What did ordinary people wear in eighteenth century England? According to one fascinating article, there were some interesting trends, which were later adopted by a certain Queen of France. (Via LRC)
Quite distinct from this there was also the intriguing trend for elite fashion to follow plebeian styles, rather than the other way about. Rustic round hats percolated upwards to replace cocked hats in the 1770s, and ladies took to wearing milkmaids’ aprons, to the despair of Beau Nash who told the Duchess of Queensberry to remove hers at the Bath Assembly. A French visitor in 1747 was bewildered by all this dressing down: in London, “masters dress like their valets, and duchesses copy after their chamber-maids”. Unlike the peruked exquisites of Versailles, the English dandy affected “a short bob wig without powder, a handkerchief round the neck instead of a cravat, a sailor’s waistcoat, a strong knotty stick, a rough tone and language, an affectation of the airs and manners of the meanest populace”. Most striking of all these reverse trends was the gradual adoption from the 1780s onwards of the seaman’s gear of jacket and loose trousers or “slops," first by other working men and then much more slowly by the elite.
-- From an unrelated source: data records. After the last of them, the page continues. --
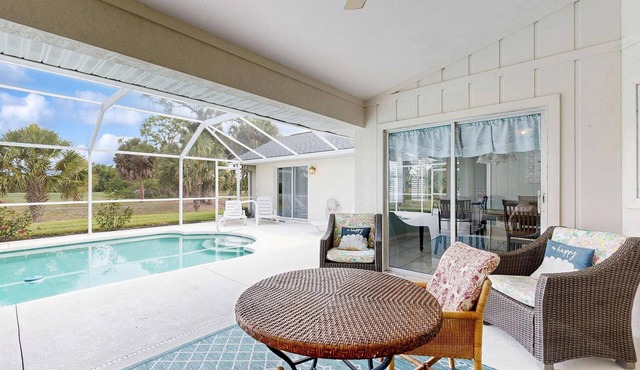 Spacious home with outdoor space & private pool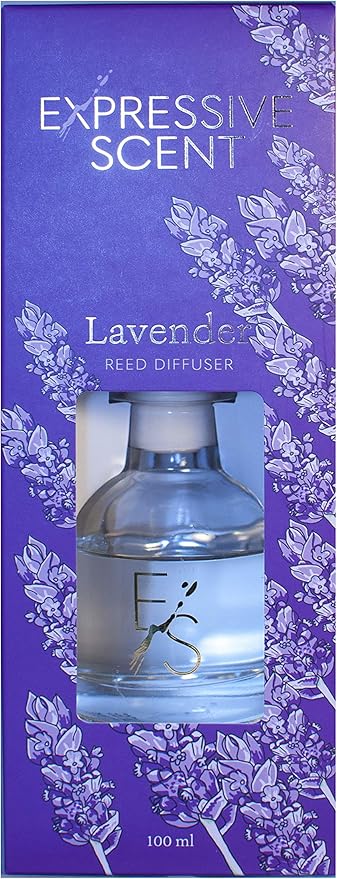 Brooklyn Fragrance Co Expressive Scent Reed Diffuser: Long-Lasting Home Fragrance, 100mL Bottles, Over 20 Scents Including Lavender, Jasmine, Fresh Linens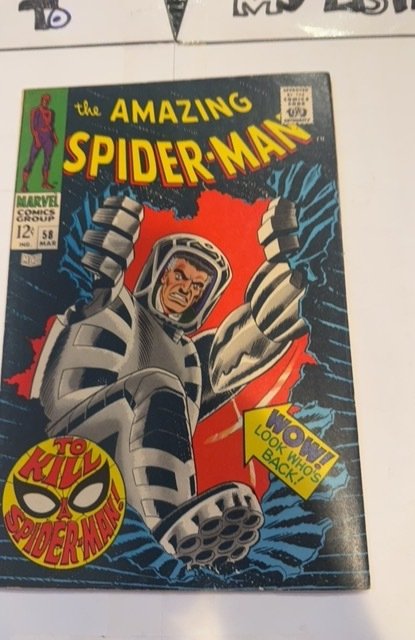 The Amazing Spider-Man #58 (1968)to kill a Spider-Man
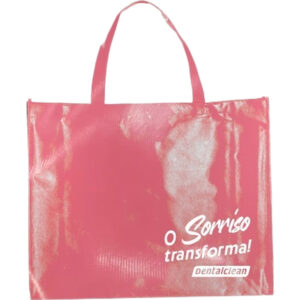 Bolsa sacola em verniz Dentalclean brinde oficial com logo da marca
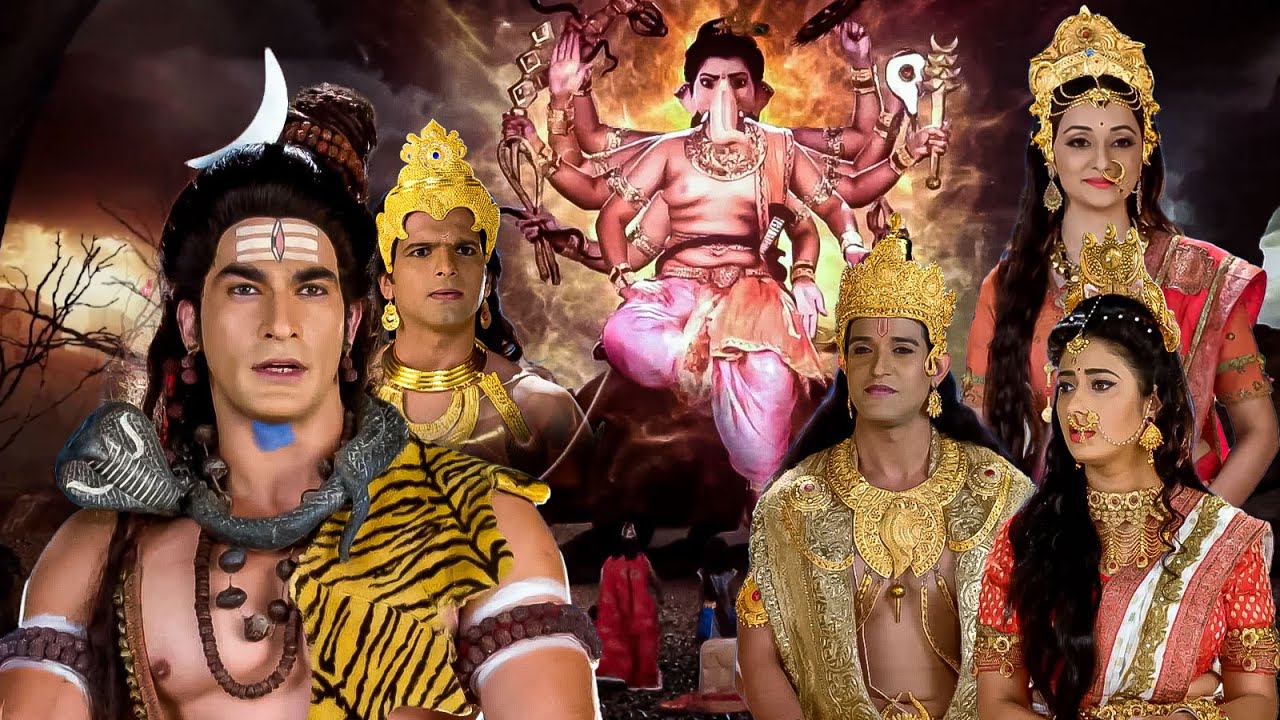 गणेश जी के क्रोध को शांत करने के लिए माताएं करेंगीं कौन सा उपाय | Mata Ki Shakti | #serial #drama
This was the greatest revolution in men’s dress since the end of doublet and hose, and it foreshadowed another pleb-to-toff introduction in the twentieth century, the universal spread of blue jeans, originally worn only by cowboys and French workmen.

1 comment:

Brantigny said...

I posted a blog article about hos makeup was made in the 18th century. Beauty be =fore all things, eh?